Data Visualization with matplotlib and seaborn
Introduction
Data visualization is an essential part of data analysis. It allows us to visually assess the data, identify patterns, outliers and relationships between variables. Python offers several libraries for data visualization, but we will focus on two of the most powerful and popular ones: Matplotlib and Seaborn.
What is Matplotlib?
Matplotlib is a multi-platform, data visualization library built on NumPy arrays and designed to work with the broader SciPy stack. It was created by John D. Hunter in 2003 as a way of providing a plotting capability similar to that of MATLAB, which is another programming language that provides an integrated data plotting function.
What is Seaborn?
Seaborn is a Python data visualization library based on Matplotlib. It is used for producing informative and attractive statistical graphics.
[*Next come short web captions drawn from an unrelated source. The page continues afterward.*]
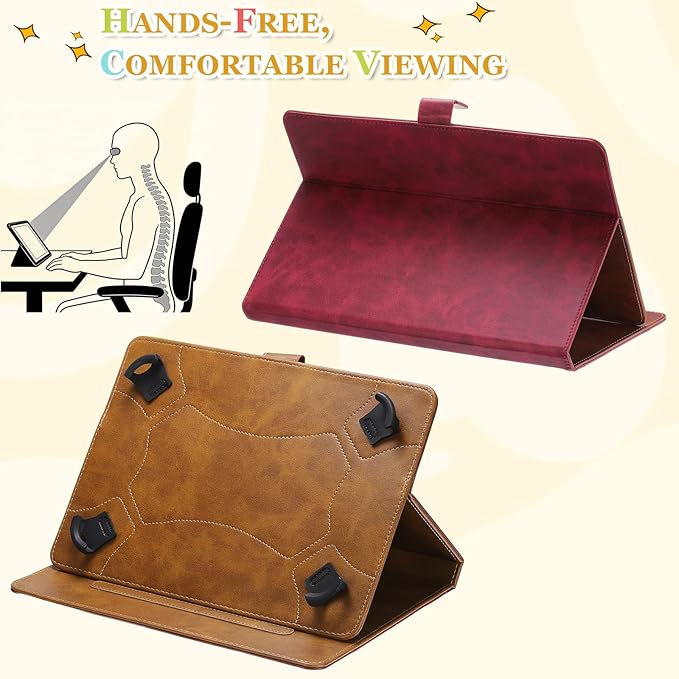 Tablet Case (11.8 x 8.5 Inch) - PU Leather Folio Standing Protective Case Universal Protective Cover Case for 11-12.4 Inch Tablet Rose Red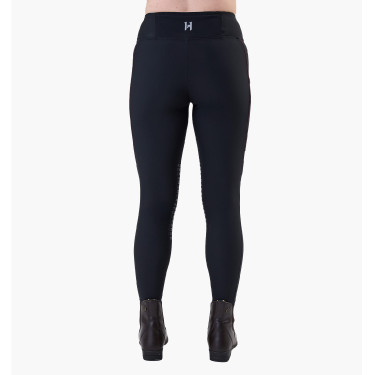 Damen-Winter-Leggings Optifit Horseware mit Knie-Grip Schwarz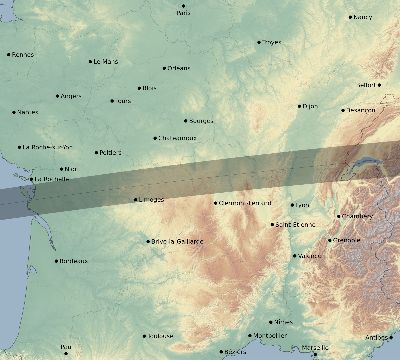 Map of the eclipse path across France on 03/12/2146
While Matplotlib tries to make easy things easy and hard things possible, Seaborn tries to make a well-defined set of hard things easy too.
Installation
Before we can use Matplotlib and Seaborn, we need to install them. This can be done using pip:
pip install matplotlib seaborn
Matplotlib basics
To start with, let's import Matplotlib and create a simple line plot.
import matplotlib.pyplot as plt
import numpy as np
x = np.linspace(0, 10, 100)
plt.plot(x, np.sin(x))
plt.show()
The plot
function creates the plot, and show
function displays it. We can add labels, title and legend to the plot.
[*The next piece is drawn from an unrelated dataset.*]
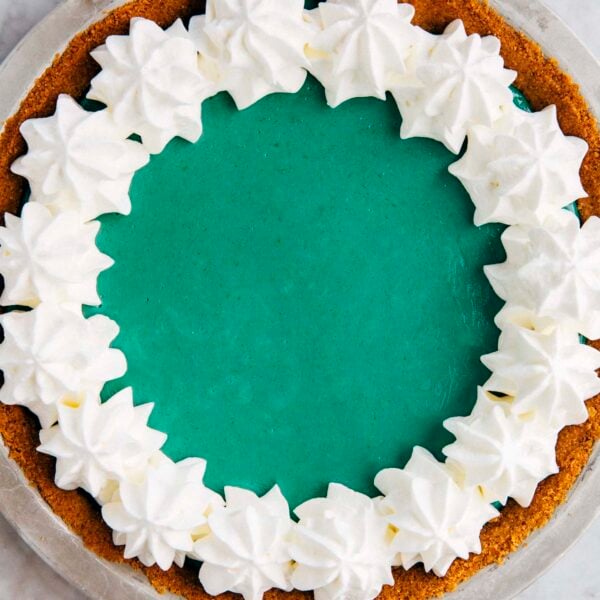 close up photo of homemade Mountain Dew Baja Blast pie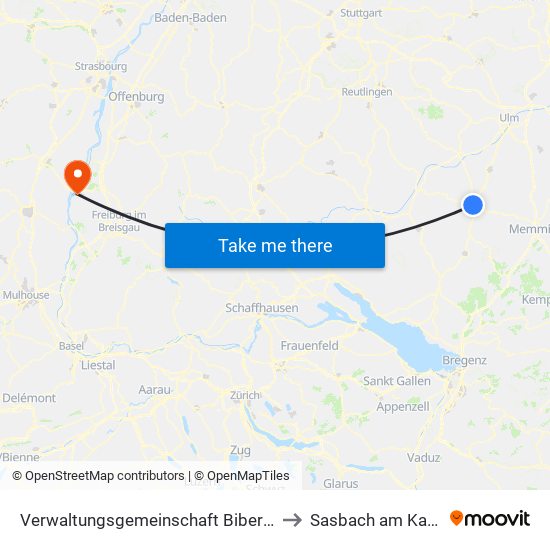 Verwaltungsgemeinschaft Biberach An Der Riß to Sasbach am Kaiserstuhl map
plt.plot(x, np.sin(x), '-g', label='sin(x)')
plt.xlabel('x')
plt.ylabel('sin(x)')
plt.title('Sinusoidal curve')
plt.legend()
plt.show()
Seaborn basics
Seaborn provides a high-level interface to Matplotlib. It uses fewer syntax and has stunning default themes and a high-level interface for customizing plots. Here is how we can create a histogram in Seaborn.
import seaborn as sns
import pandas as pd
data = pd.DataFrame({'x': np.random.normal(size=100)})
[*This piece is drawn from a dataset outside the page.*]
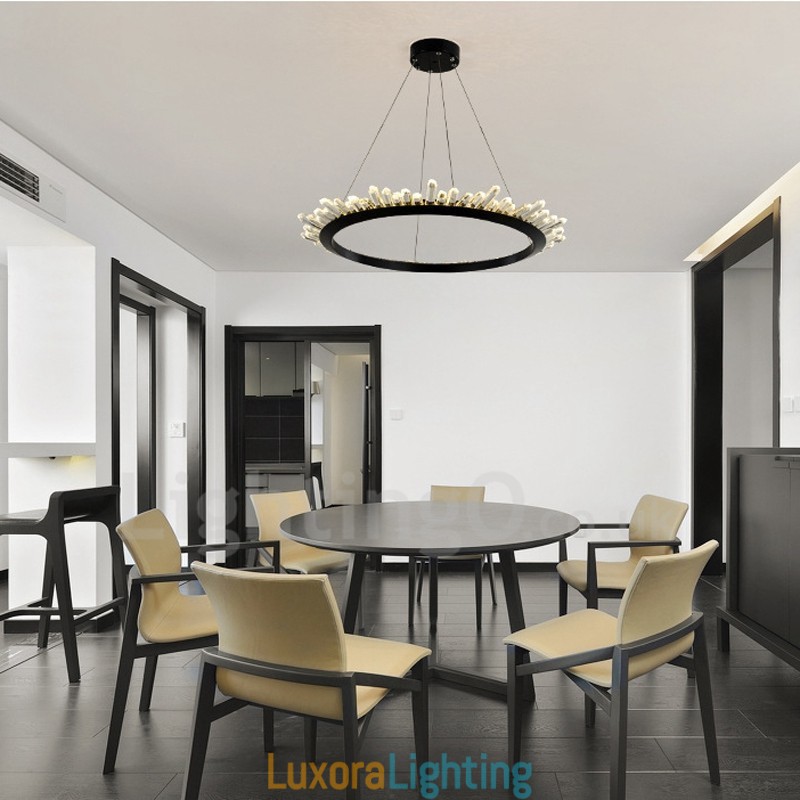 Designer Touch Decorative Modern Ring Shape Crystal Pendant Light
sns.histplot(data.x, kde=True)
plt.show()
Combining Matplotlib and Seaborn
While Seaborn simplifies data visualization, sometimes we might need the power and flexibility of Matplotlib. Fortunately, we can use both libraries together.
tips = sns.load_dataset("tips")
sns.boxplot(x=tips["total_bill"])
plt.title('Box plot of total bill')
plt.show()
In this code, we are using Seaborn's boxplot
function to create the box plot, and Matplotlib's title
function to add a title to the plot.
Conclusion
Data visualization is a powerful tool for data analysis. With libraries like Matplotlib and Seaborn, Python makes it easier to create informative and attractive plots. Whether you're a beginner or an experienced data scientist, mastering these libraries will significantly boost your data analysis skills.